I believe there are alot of bad assumptions and paradigms being made concerning aikido and all martial methodologies in general here. Yes, I call them martial methodologies as essentially that is what most of the so-called systems are methodologies and not "arts" per se. although they could be considered "arts" in the definition of a liberal art, but not as a combatives system or art.

I feel about as qualified as anyone to comment on what makes something a combative system since it is pretty much what I do as a professional day in and day out, and very actively today!

As a combat arms soldier, we have many techniques and methodologies for training various components of what we deem important to be effective at what we do, I suppose you could call all the training I do an "combatives system" or a complete system, yet we don't look at it that way, we look at it as components or methodologies to train.

For example, I am well qualified in CQB and Gun work, however, that is not my expertise and I am not the "sensei" of that stuff per se. My strengths are empty hand or Combatives.

So, the guy that trains me in pistol and rifle close quarter stuff as the subject matter expert is my "student" when we transition to combatives.

We view them as mutually supporting methodologies, but they are separate and distinct in the skills that they are training.

So, I believe that the paradigm that says a "martial art" has to be "effective" an interesting one as it begs the question "effective at what?" what are the boundaries of "effectiveness.

Of course WHAT DO I KNOW? identifies the issue by bringing up the whole "get a gun" argument. which, I think is a wrong perspective/conclusion used typically to invalidate any empty handed training in the way that it is done. However, of course, guns do drive the limitation or constraints of our emtpy handed training and it does need to be kept in mind.

I also believe that empty handed martial arts can be broken down into many different methodologies designed to enhance or reinforce desired endstates and things we want to inculcate into ourselves.

Aikido I believe, trained correctly is one such methodology. Agreed that many don't necessarily understand what that may be, or two people may not agree on what is being trained...and that is okay I think.

For me, Aikido has a place in my training, and you can take it FWIW...but I am a professional like many on here that depend on my "martial skills" as a way of life.
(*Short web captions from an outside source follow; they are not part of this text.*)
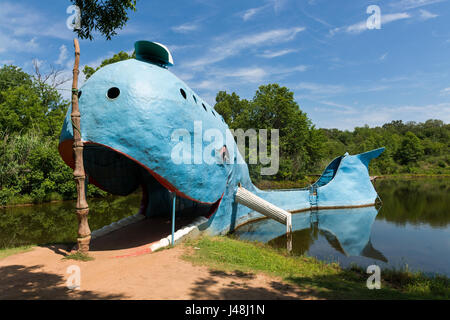 Catoosa, Oklahoma - 7 juillet 2014 : vue sur la célèbre route des attractions Blue Whale Catoosa le long de la célèbre Route 66 dans l'état de l'Oklahoma, Banque D'Images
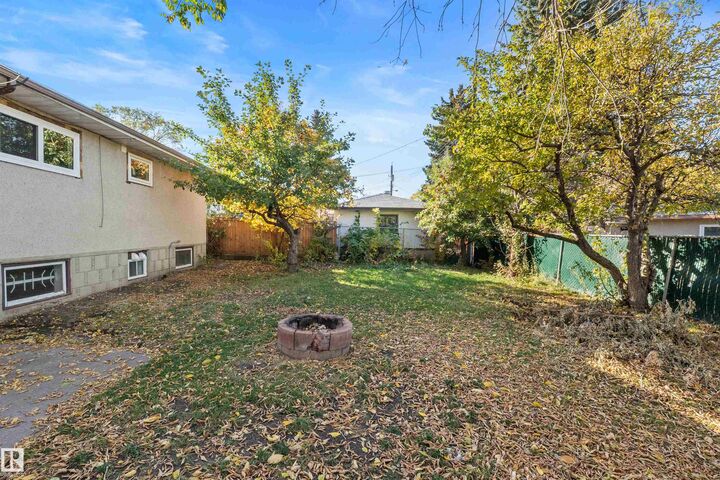 Property Photo:  10428 64 Avenue NW  AB T6H 1S7 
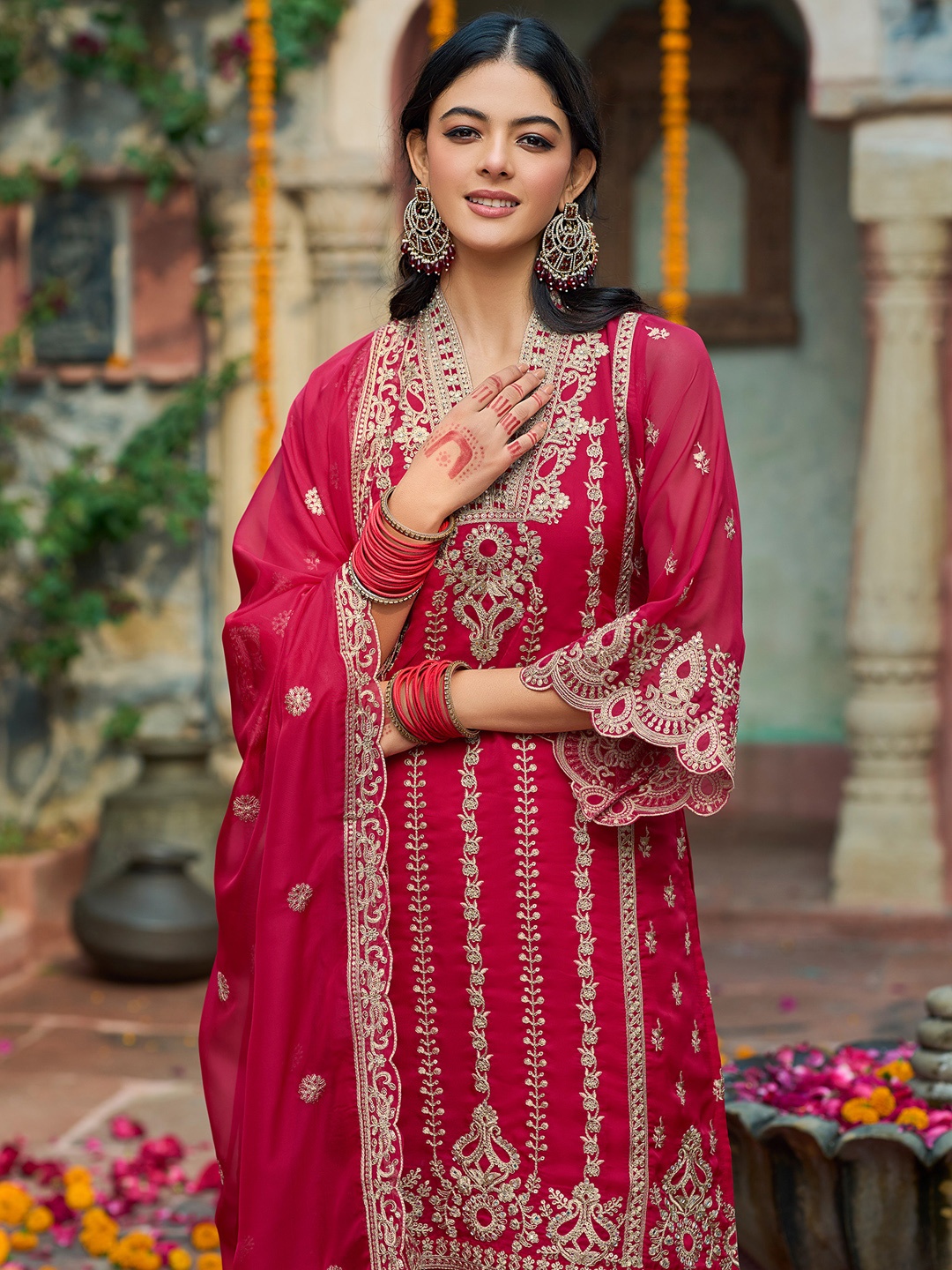 

Indo Era Ethnic Motifs Embroidered V-Neck Zari Organza Kurta With Trousers And Dupatta, Red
However, as pointed out by the OP and a few others, even though I disagree with alot of the statements, that it is incomplete as a holistic system...but that does not mean that it is not "effective" IT IS EFFECTIVE FOR WHAT IT WAS DESIGNED TO TEACH.

I train predominately in BJJ and Mitliary Combatives. Right now I am preparing my unit to go to war. While we focus in the "off season" on many different things with a heavy "Sport Jiu Jitsu" focus and I spend alot of time in Aikido, now that we are preparing for combat operations, we shift our focus/methodologies to the techniques, tactics, and procedures (TTPs) that our assessment and analysis tells us we need to based on what we are seeing on the battlefield.

My base and background for TTPs is based on the fundamentals that I learned in Judo, Jiu Jitsu, and yes...alot of it in Aikido. Honestly as we tighten our shot group to focus on weapons both enemy, control, multiple opponents, etc...I find my background and base in aikido to be even more important.

Even in the non-violent arena where people skills and body language come into play.

Anyway, each methodology has a strength and it has weaknesses. What is important is not arguing about the categorical effectiveness of an art, but discussing the limitations and constraints and focusing on the things that the art does train well.

It is also important to not try and make it something that it isn't..you'll practice it for 10 years under delusion and then feel ripped off once you meet reality and "X Art" failed you.

I don't think too many of the experienced posters here, none that I know of propose that AIkido is a one stop shop by any stretch of the imagination. Most of the Voices of Experience have a pretty good handle on reality I have found.

Anyway those are my experiences and 2 cents worth.